Data Quality library for selected dwc:Record level and dwc:Occurrence terms.
Implementations of tests from the TDWG Biodiversity Data Quality Task Group 2 labeled as OTHER.
Available in Maven Central.
<dependency>
<groupId>org.filteredpush</groupId>
<artifactId>rec_occur_qc</artifactId>
<version>1.0.0</version>
</dependency>
mvn package
Library jar will be produced in /target/rec_occur_qc-{version}.jar
An executable jar will be produced in /rec_occur_qc-{version}-{gitcommit}-executable.jar. This jar is not installed in the local maven repository or deployed to maven central with maven install or maven deploy.
This library provides the classes org.filteredpush.qc.metadata.DwCMetadataDQ and DwCMetadataDQDefaults.
DwCMetadataDQ provides a set of static methods for working with various Darwin Core metadata terms returning objects that implement the API provided by ffdq-api for reporting data quality assertions in terms of the Fit4U Framework.
As of 2024-07-28, the current set of Other test specifications in the core (along with most Supplementary) test suite by the TDWG BDQIG TG2 tests and assertions task group have implementations in DwCMetadataDQ. Methods for tests that can be parameterized can be invoked from methods in DwCMetadataDQDefaults that do not take a parameter, but use the default value for any parameter as provided for in the test specifications. Methods implementing CORE and Supplementary tests are annotated with @Provides, @Validation/Amendment/Measure, @ProvidesVersion, and @Specification annotations in the form:
@Validation(label="VALIDATION_ESTABLISHMENTMEANS_STANDARD", description="Does the value of dwc:establishmentMeans occur in bdq:sourceAuthority?")
@Provides("4eb48fdf-7299-4d63-9d08-246902e2857f")
@ProvidesVersion("https://rs.tdwg.org/bdq/terms/4eb48fdf-7299-4d63-9d08-246902e2857f/2024-02-08")
@Specification("EXTERNAL_PREREQUISITES_NOT_MET if the bdq:sourceAuthority is not available; INTERNAL_PREREQUISITES_NOT_MET if dwc:establishmentMeans is EMPTY; COMPLIANT if the value of dwc:establishmentMeans is in the bdq:sourceAuthority; otherwise NOT_COMPLIANT. bdq:sourceAuthority default = 'Darwin Core establishmentMeans' {[https://dwc.tdwg.org/list/#dwc_establishmentMeans]} {dwc:establishmentMeans vocabulary API [https://api.gbif.org/v1/vocabularies/EstablishmentMeans/concepts]}")
public static DQResponse<ComplianceValue> validationEstablishmentmeansStandard(
@ActedUpon("dwc:establishmentMeans") String establishmentMeans,
@Parameter(name="bdq:sourceAuthority") String sourceAuthority
) {
...
}
As of version 1.0.0, not all of the annotations are complete or up to date with the 2024-07-28 specifications.
These tests are subject to change if there are further changes to the TDWG BDQ TG2 specifications.

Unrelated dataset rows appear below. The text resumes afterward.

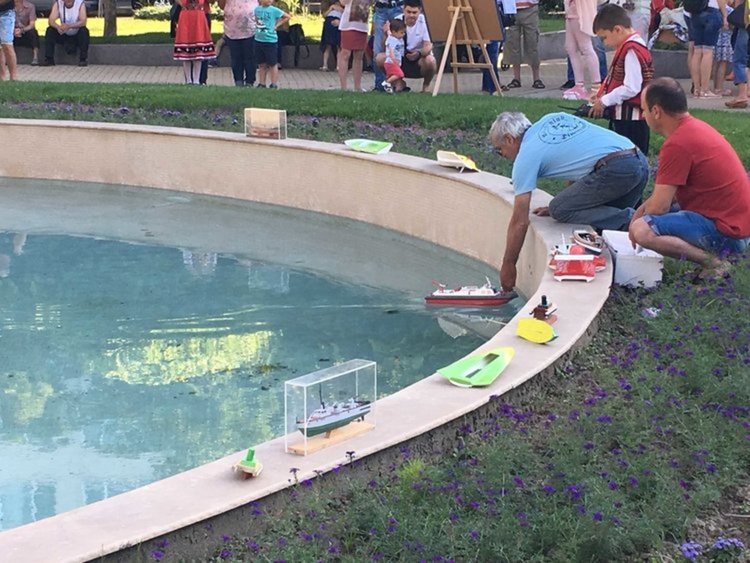 Димитровградчанин стана спортист на 2018 година по корабомоделизъм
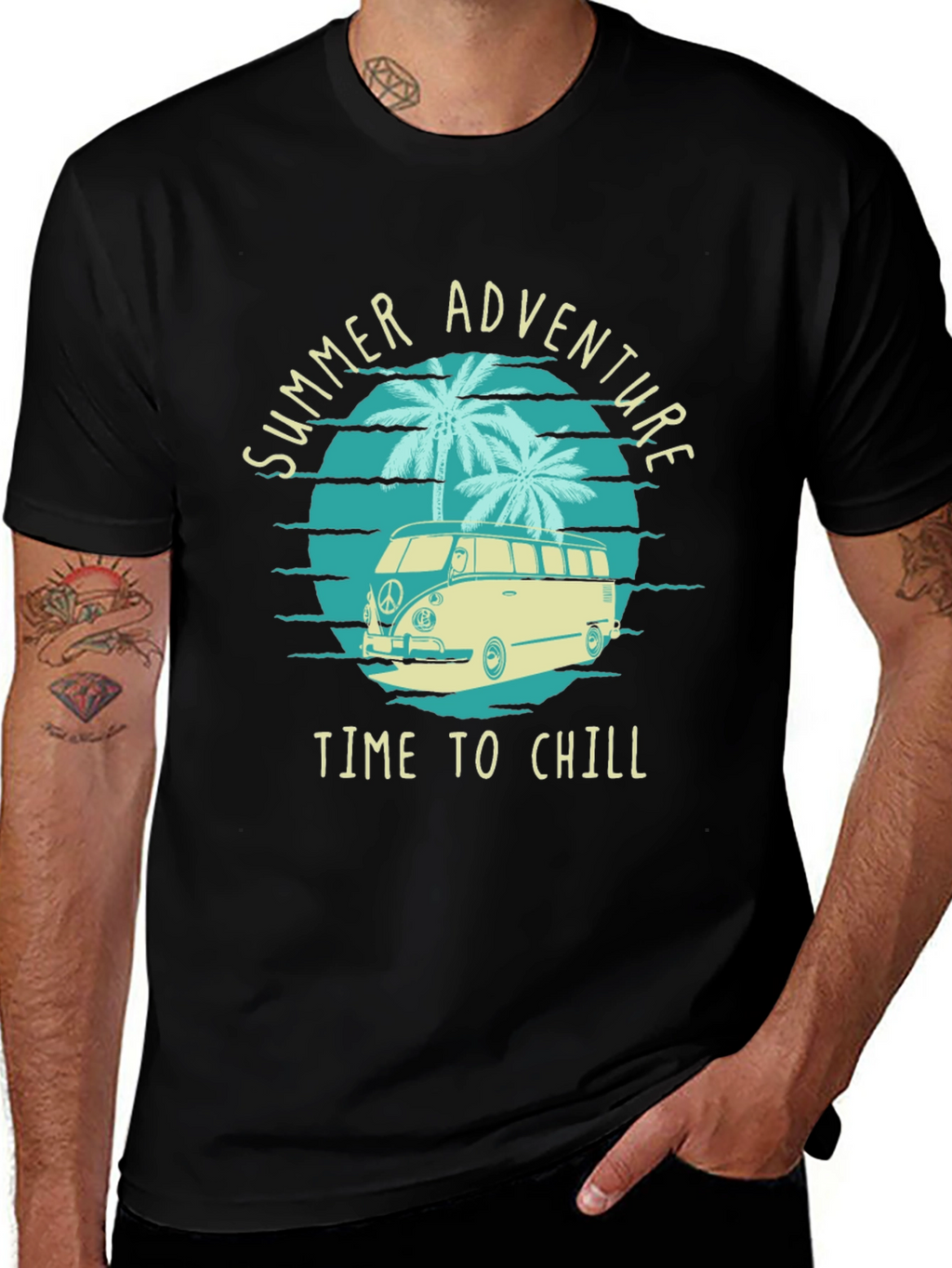 Summer Adventure Time to Chill T-Shirt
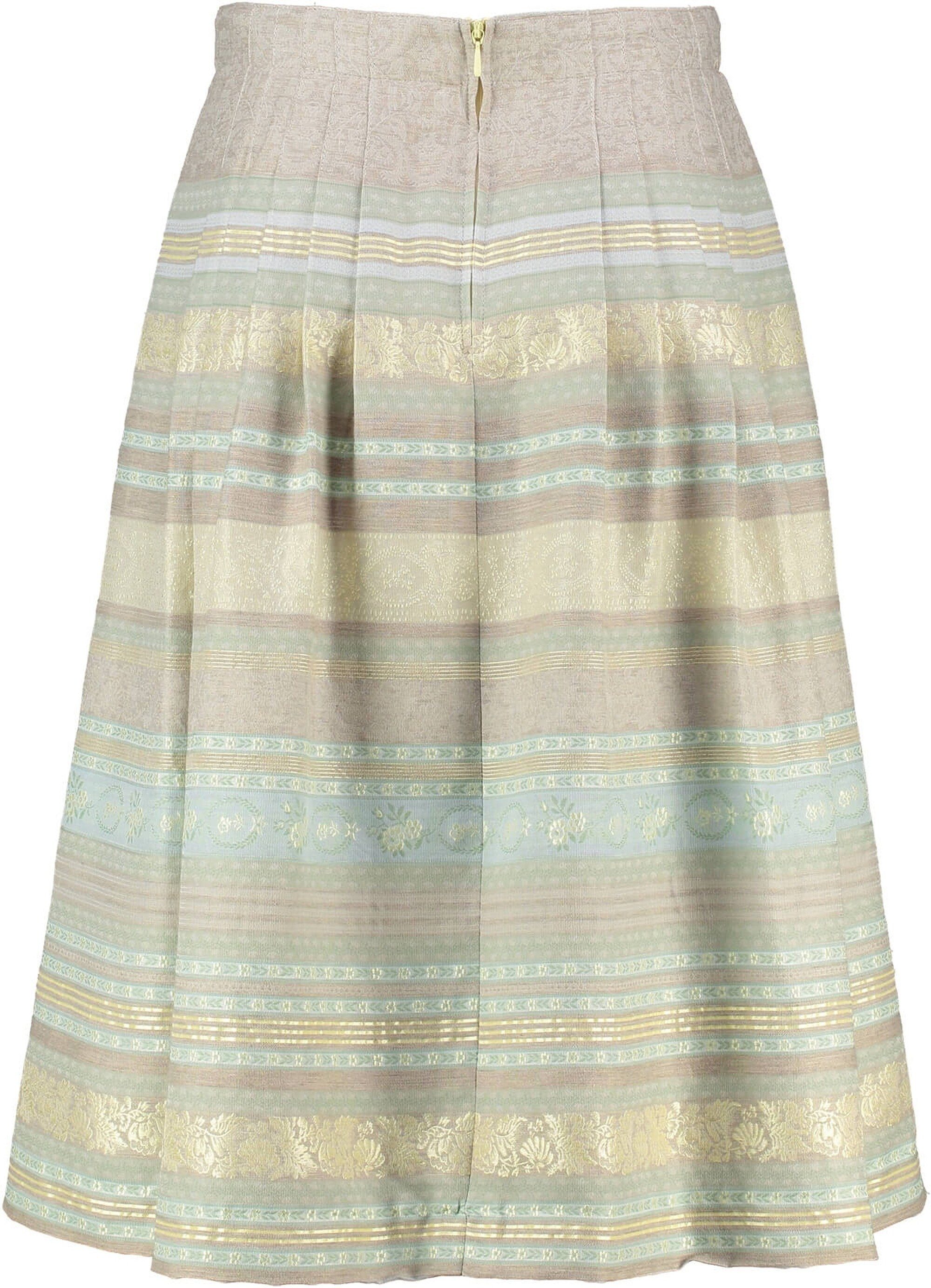 Hammerschmid Trachtenrock HAMMERSCHMID Rock Lindau beige günstig online kaufen
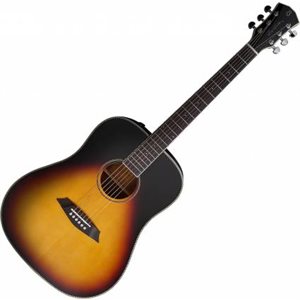 SIRE - A3-DS-VS - Larry Carlton A3 GUITARE ACOUSTIQUE DreadnoughT – Vintage Sunburst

The current test specifications can be found in a csv file with rationalle management in issues in the tdwg/bdq issue tracker. The TDWG BDQ TG2 is preparing a draft standard for biodiversity data quality including these tests. As of 2023-07-04, specifications for the the tests implemented here are expected to be stable.

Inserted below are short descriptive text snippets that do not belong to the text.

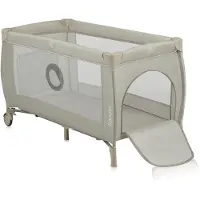 Lionelo STEFI PLUS Matkasänky, Beige Cappuccino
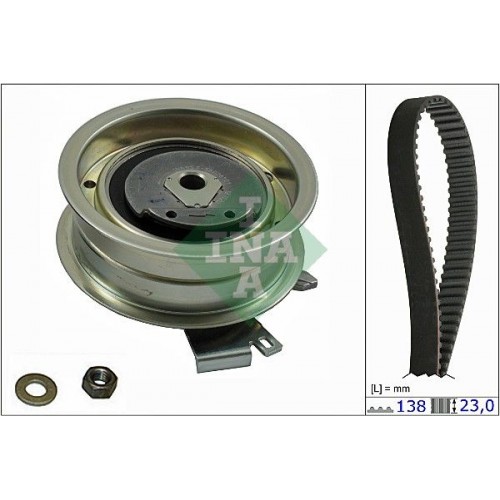 INA 530 0171 10 Timing Belt Kit Volkswagen 06A 109 119 B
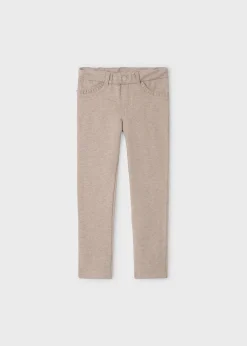 New Pantalón básico niña Pantalones Y Faldas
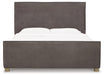 Krystanza Upholstered Bed - MR ZEE FURNITURE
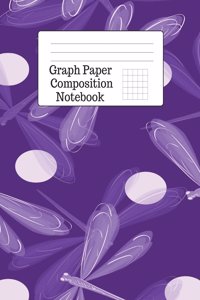 Graph Paper Composition Notebook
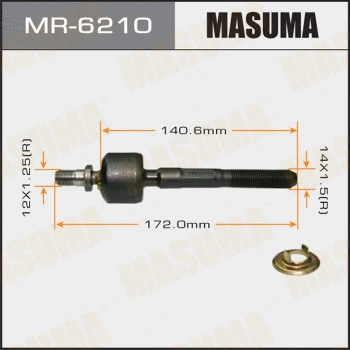 Rotule de direction intérieure, barre de connexion MASUMA MR-6210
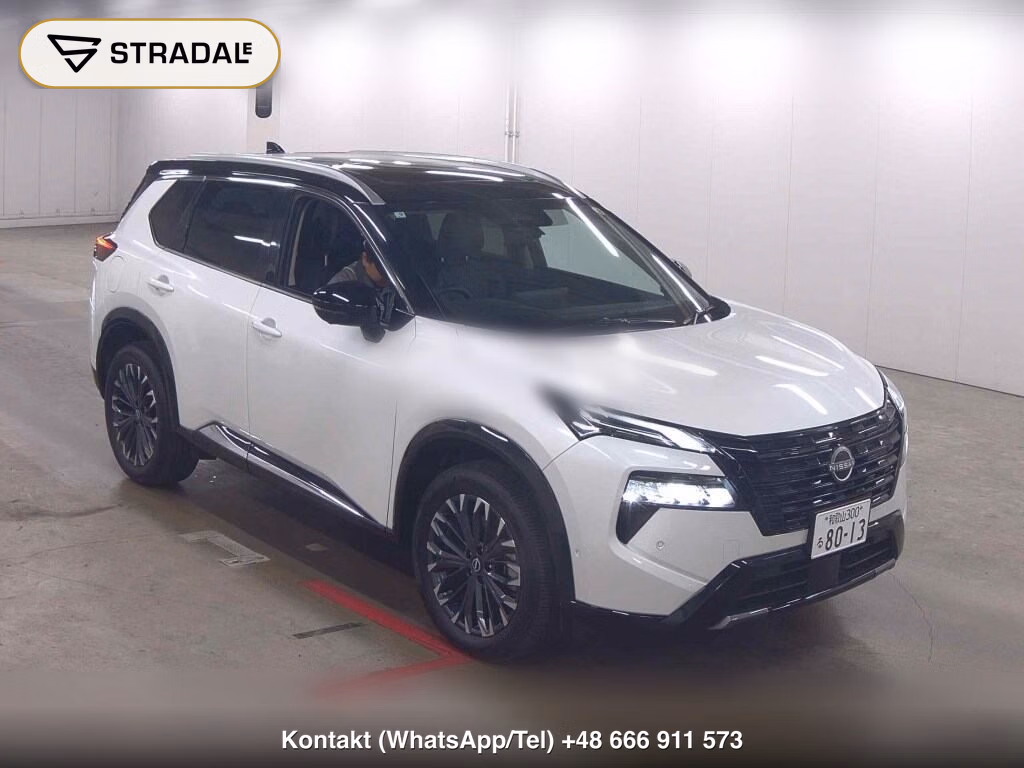 NISSAN X-TRAIL 4WD G E-4ORCE 2025, aukcja z Japonii, zdjęcie 1
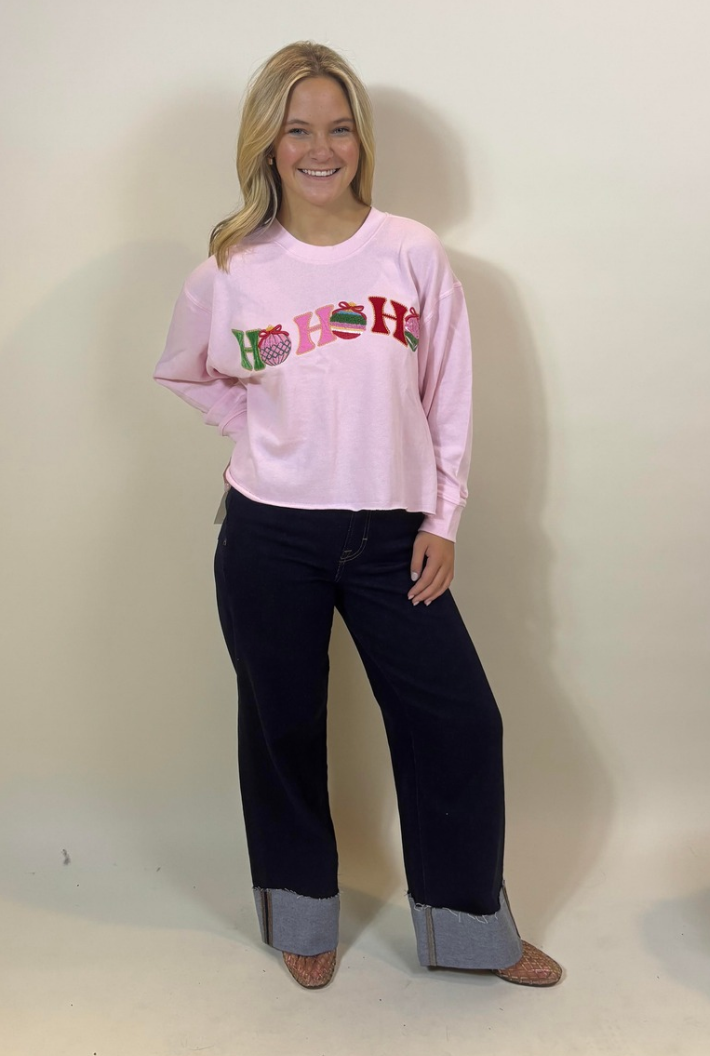HO HO HO Sweatshirt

These test implementations can be validated against the TDWG BDQ TG2 [test validation data] (https://github.com/tdwg/bdq/blob/master/tg2/core/TG2_test_validation_data.csv) using bdqtestrunner.
As of 2024-07-29, *** test cases run, *** pass.

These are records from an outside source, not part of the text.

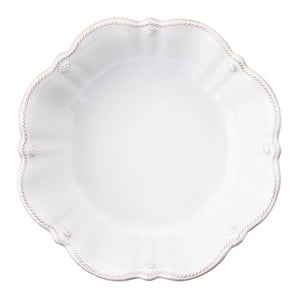 Juliska Berry and Thread Serving Bowl White 10''W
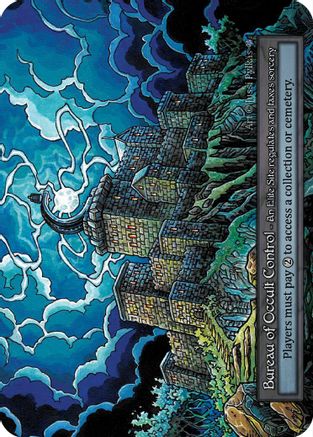 Bureau of Occult Control  - Gothic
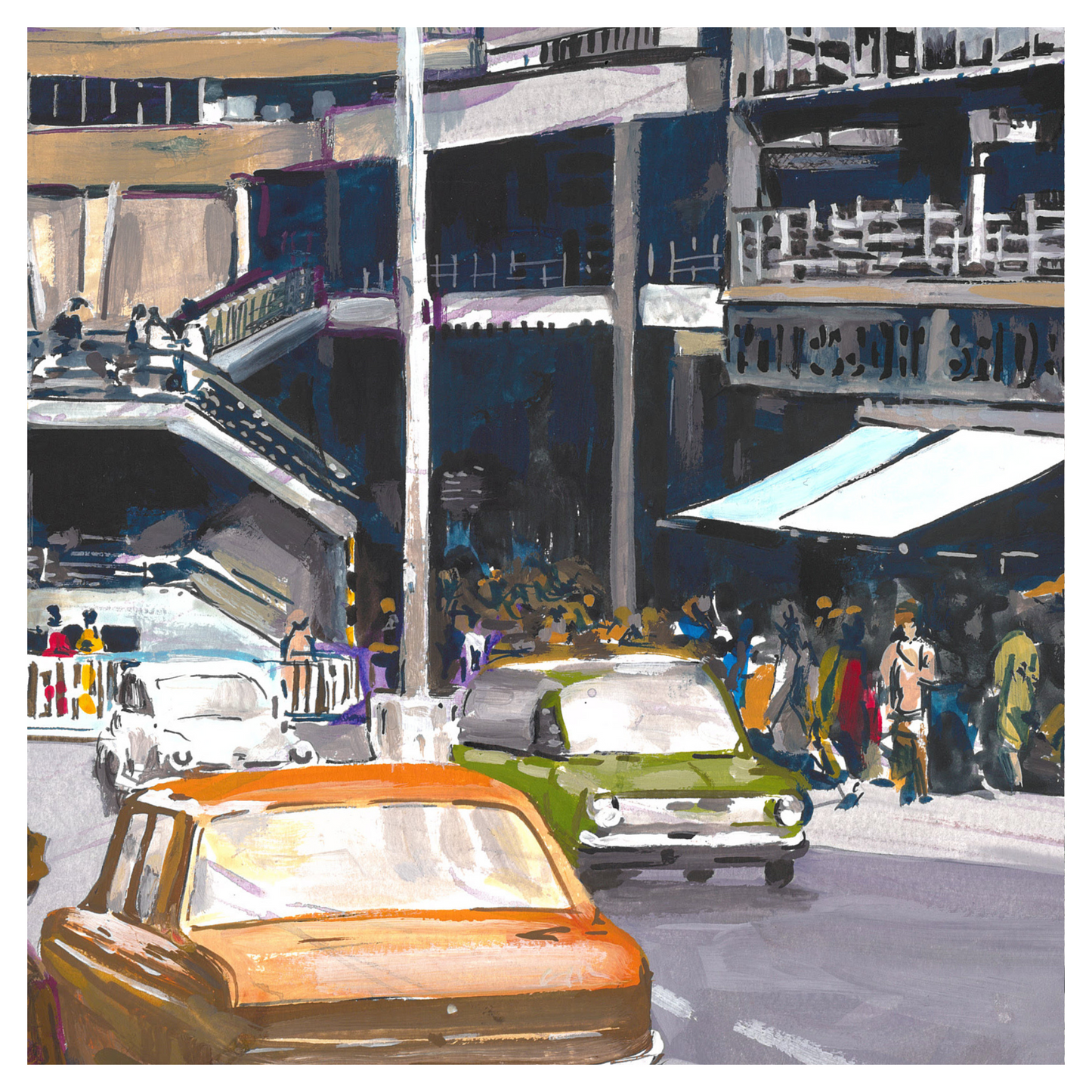 Sheffield Castle Markets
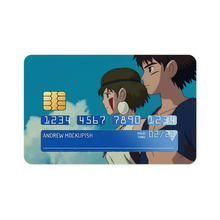 Load image into Gallery viewer, Ashitaka and San  Credit Card Skins (4-in-1 Pack)
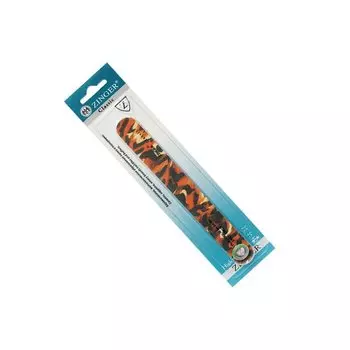 Zinger Пилка д/ногтей наждачн.2-х сторонняя150/220 змея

The unit test below shows an example of a call on DwCMetadataDQ.amendmentLicenseStandardized() to perform an amendment of presented values of dc:license, and invocations of getResultState(), getValue(), and getComment() on the returned implementation of the DQResponse interface.
@Test
public void testAmendmentLicenseStandardized() {
String license = "";
DQResponse<AmendmentValue> result = DwCMetadataDQ.amendmentLicenseStandardized(license, null);
logger.debug(result.getComment());
assertEquals(ResultState.INTERNAL_PREREQUISITES_NOT_MET.getLabel(), result.getResultState().getLabel());
assertNull(result.getValue());
assertNotNull(result.getComment());
license = "foo";
result = DwCMetadataDQ.amendmentLicenseStandardized(license, "https://invalid/invalidauthority");
logger.debug(result.getComment());
assertEquals(ResultState.EXTERNAL_PREREQUISITES_NOT_MET.getLabel(), result.getResultState().getLabel());
assertNull(result.getValue());
assertNotNull(result.getComment());
license = "http://creativecommons.org/publicdomain/zero/1.0/legalcode";
result = DwCMetadataDQ.amendmentLicenseStandardized(license, null);
logger.debug(result.getComment());
assertEquals(ResultState.NOT_AMENDED.getLabel(), result.getResultState().getLabel());
assertNull(result.getValue());
assertNotNull(result.getComment());
license = "CC-BY";
result = DwCMetadataDQ.amendmentLicenseStandardized(license, null);
logger.debug(result.getComment());
assertEquals(ResultState.AMENDED.getLabel(), result.getResultState().getLabel());
assertEquals("https://creativecommons.org/licenses/by/4.0/", result.getValue().getObject().get("dc:license"));
assertNotNull(result.getComment());
}
The APIs for both the java annotations for the framework and the result objects for the framework are not expected to change.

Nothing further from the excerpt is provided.